WHAT YOU NEED TO DO
Starting at the first line of the records and stopping at the line that contains "Katalina online show", transcribe every line exactly and leave out the pictures.

Top of SUPPLIED ENTRIES

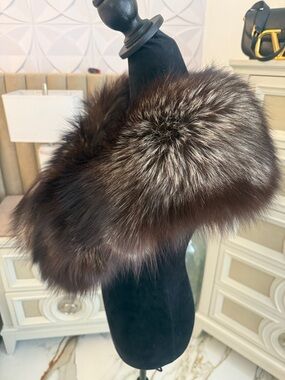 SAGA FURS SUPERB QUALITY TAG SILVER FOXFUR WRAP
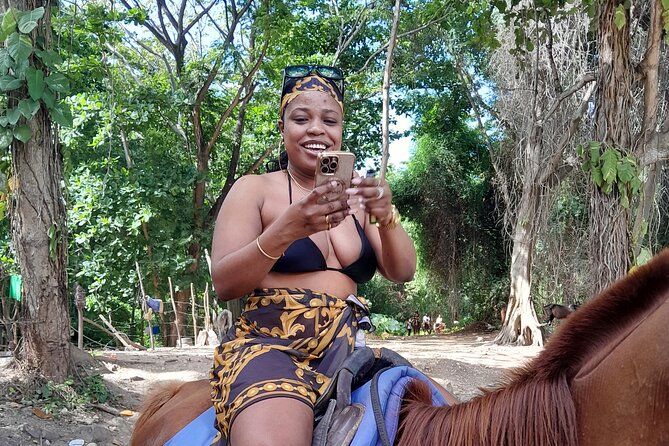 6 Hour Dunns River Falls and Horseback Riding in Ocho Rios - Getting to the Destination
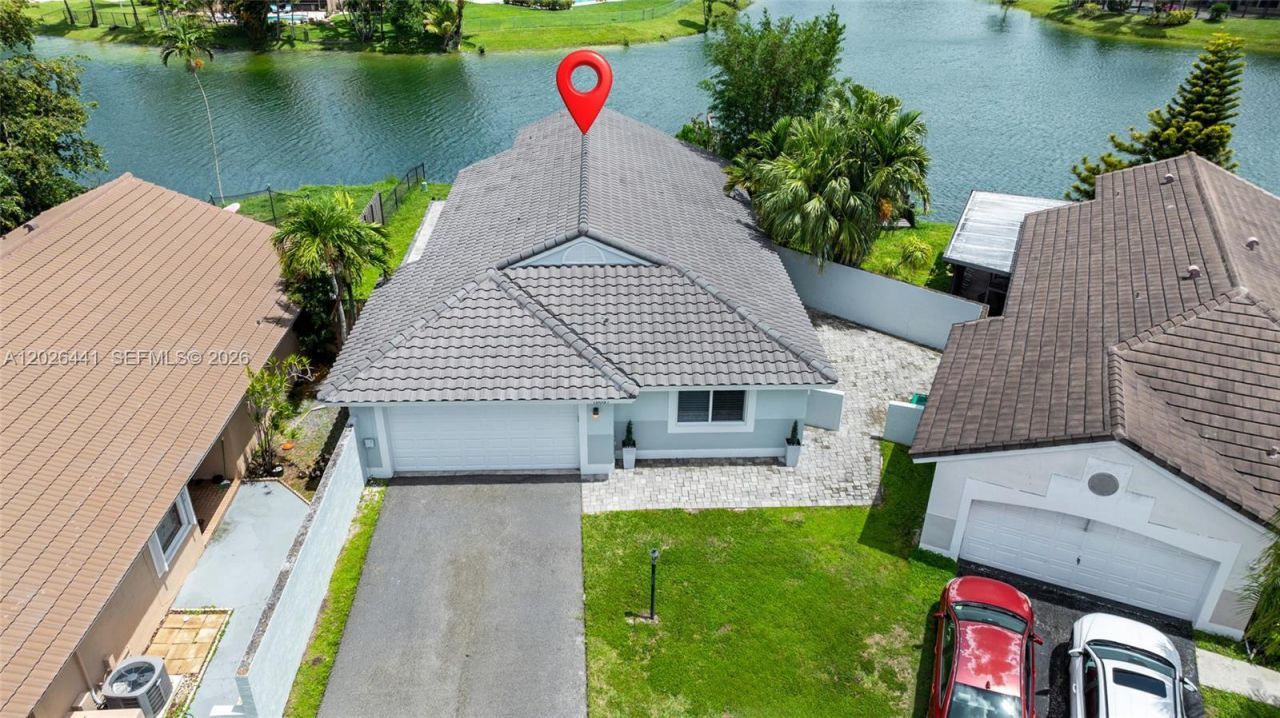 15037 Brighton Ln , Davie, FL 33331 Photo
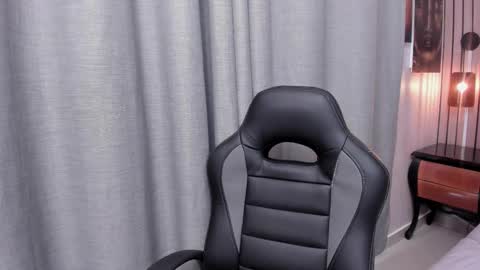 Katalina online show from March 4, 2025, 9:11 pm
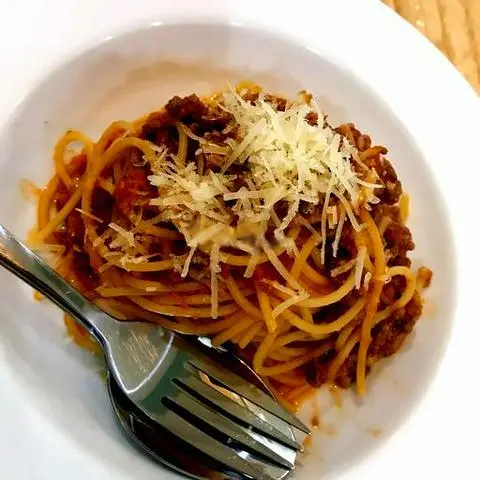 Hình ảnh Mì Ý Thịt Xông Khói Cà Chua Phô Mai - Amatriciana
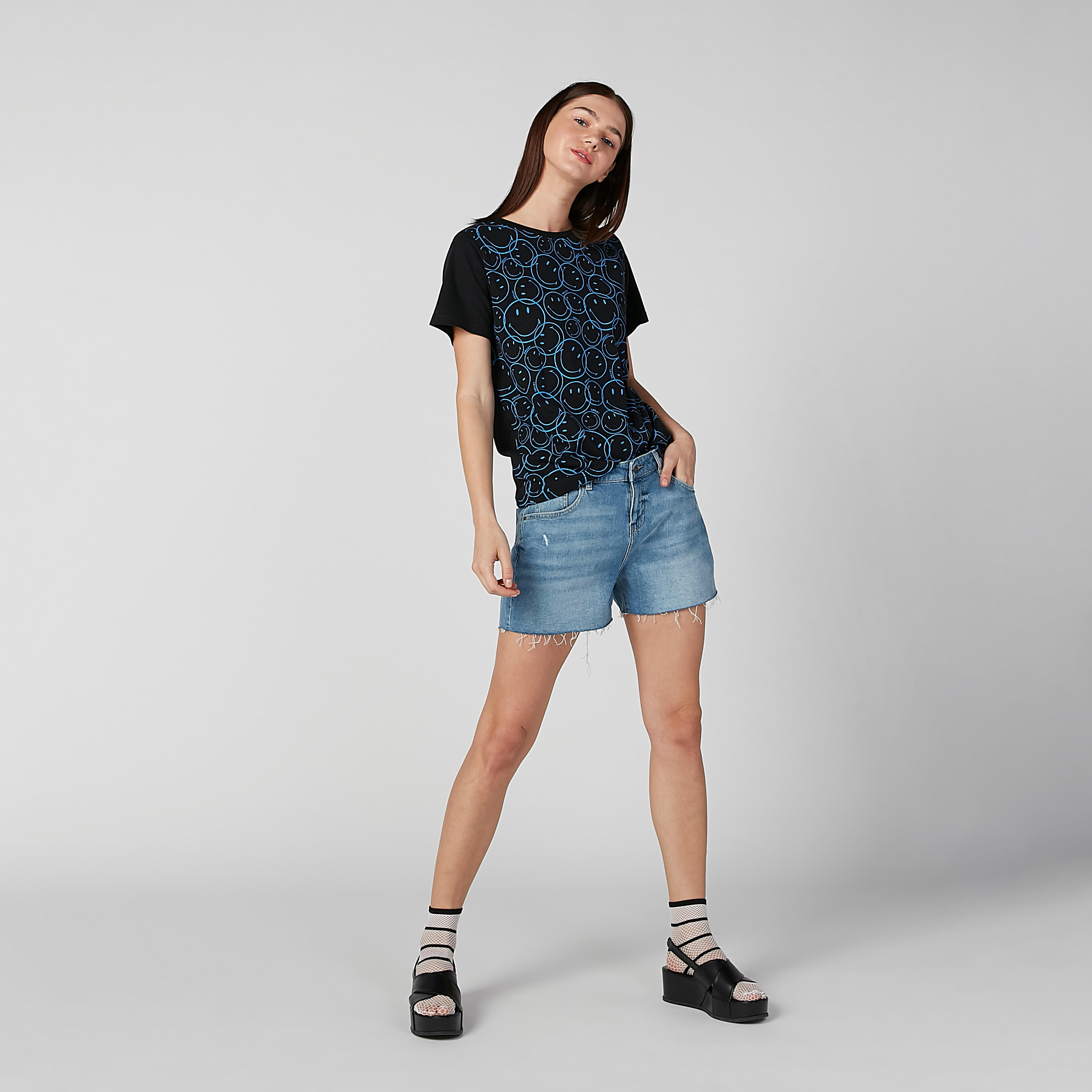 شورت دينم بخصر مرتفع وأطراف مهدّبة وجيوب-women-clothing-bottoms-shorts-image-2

Bottom of SUPPLIED ENTRIES

TASK ANSWER
 SAGA FURS SUPERB QUALITY TAG SILVER FOXFUR WRAP
 6 Hour Dunns River Falls and Horseback Riding in Ocho Rios - Getting to the Destination
 15037 Brighton Ln , Davie, FL 33331 Photo
 Katalina online show from March 4, 2025, 9:11 pm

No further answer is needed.